Big Fish Poke: pedaços de Havai na taça

Os pokes vieram para ficar. Não há local da moda, dos restaurantes às esplanadas de praia, que não os tenham na carta. Agora, perto do Cais do Sodré, em Lisboa, há um restaurante e cocktail bar que se dedica em exclusivo a essas taças de comida de inspiração havaiana. O Big Fish Poke quer dar a conhecer as verdadeiras regras dos pokes.

Texto de Filipe Gil

São modas que pegam sem ninguém perceber porquê. Já passamos pelos restaurantes japoneses que abriam a cada esquina e que, afinal, depois descobrimos que era obra de chineses empreendedores. Os verdadeiros restaurantes japoneses são muito poucos.
Antes disso foi a invasão de restaurantes de churrasco brasileiro e, mais recentemente as hamburguerias nas esquinas de (quase) todos os bairros. Agora são os poke (e os ceviches). Encontramo-los quase em todo o lado. Mesmo que a carta do local nada tenha de inspiração havaiana ou nipónica.

No entanto, para nos esclarecermos em relação aos pokes e à sua proveniência, abriu, em meados de abril um restaurante dedicado a este prato. O Big Fish Poke aposta na gastronomia havaiana e no sake. Confuso?

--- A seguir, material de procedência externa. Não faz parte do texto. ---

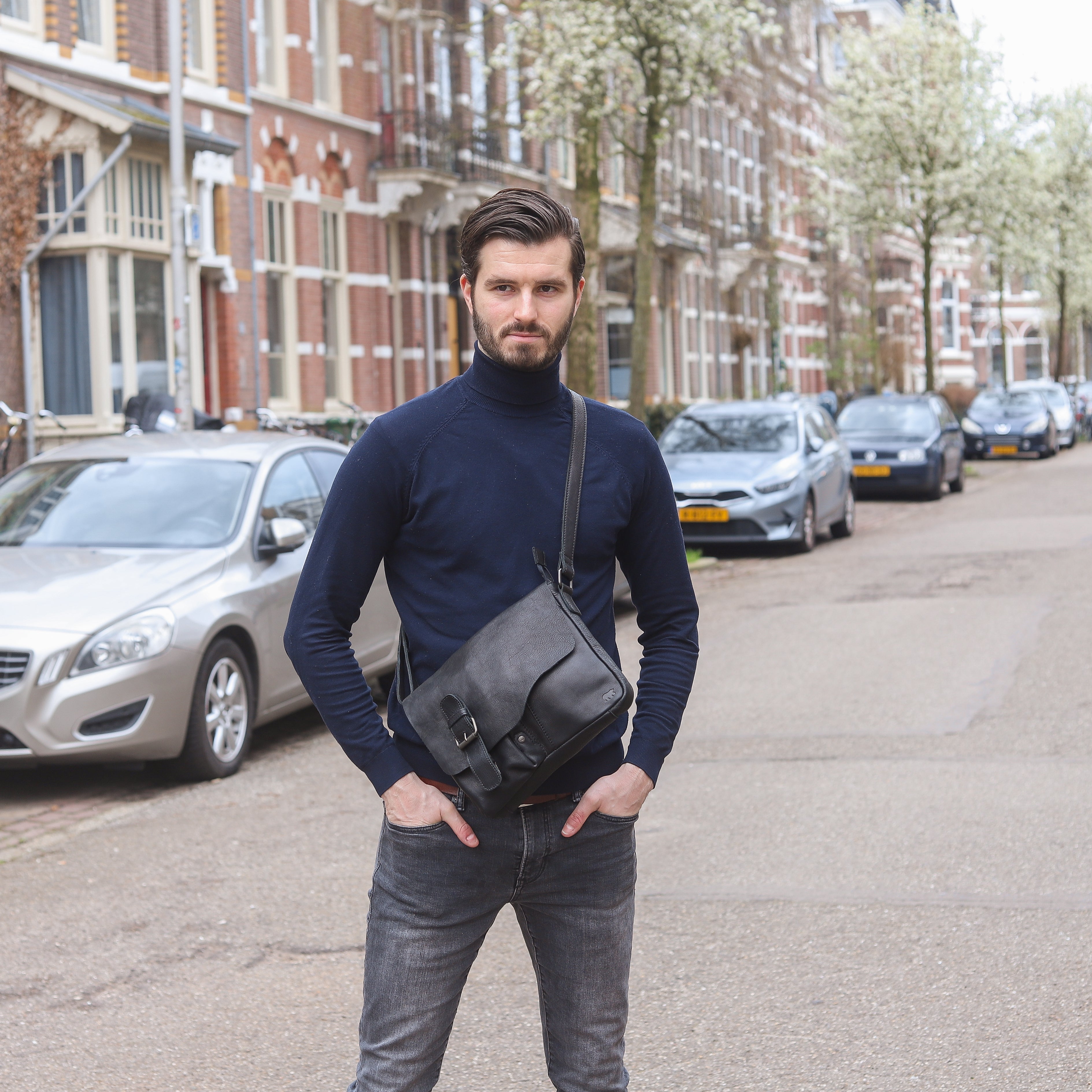 Shoulder bag 'Lauro' black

Explicamos mais à frente.

Comecemos, antes, por explicar o que é um poke: é um prato havaiano de forte influência japonesa Como a palavra poke indica (significa “pedaço” em havaiano).

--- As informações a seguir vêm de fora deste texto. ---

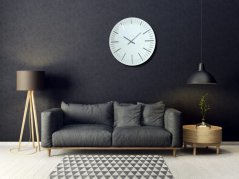 Weiße stilvolle Uhr im Wohnzimmer 50 cm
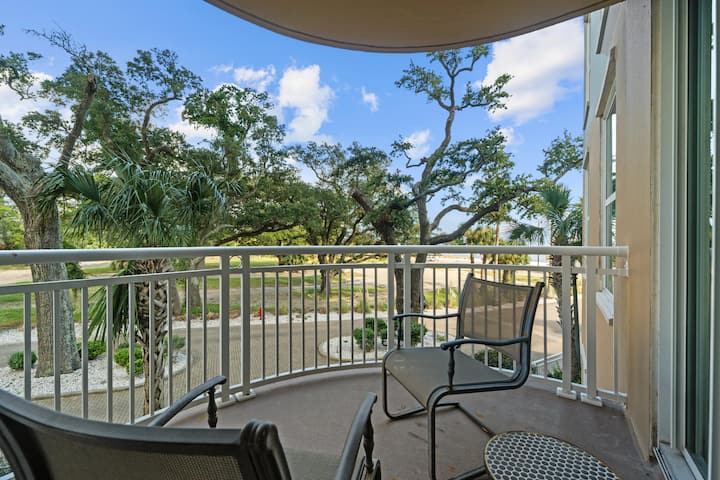 Legacy Tower One 201 Overlooks The Beautiful Gulf - Gulfport, MS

A abertura do restaurante, que tem 20 lugares ao balcão mais duas mesas para quatro e ainda uns lugares encostados à fachada, foi feito com a a ajuda do norte-americano Andrew Mayer (fundador do Poke OG em Miami), que trabalhou 15 anos com o chef japonês Roy Yamaguchi, pioneiro, há 35 anos, da chamada cozinha de fusão. Roy Yamaguchi é um dos membros fundadores do movimento Hawaii Regional Cuisine.

Mayer veio até Portugal e, como consultor, desenvolveu as receitas dos pokes juntamente com Luís Gaspar, chef executivo do restaurante Sala de Corte (e vencedor do concurso Chefe Cozinheiro do Ano em 2017), e que aprendeu a trabalhar novas técnicas e novos produtos, estudando as culturas havaiana e japonesa. O chefe residente do Big Fish é Filipe Narciso (ex-Minibar), autor das entradas e sobremesas – algumas com inspiração portuguesa (ver galeria de imagens).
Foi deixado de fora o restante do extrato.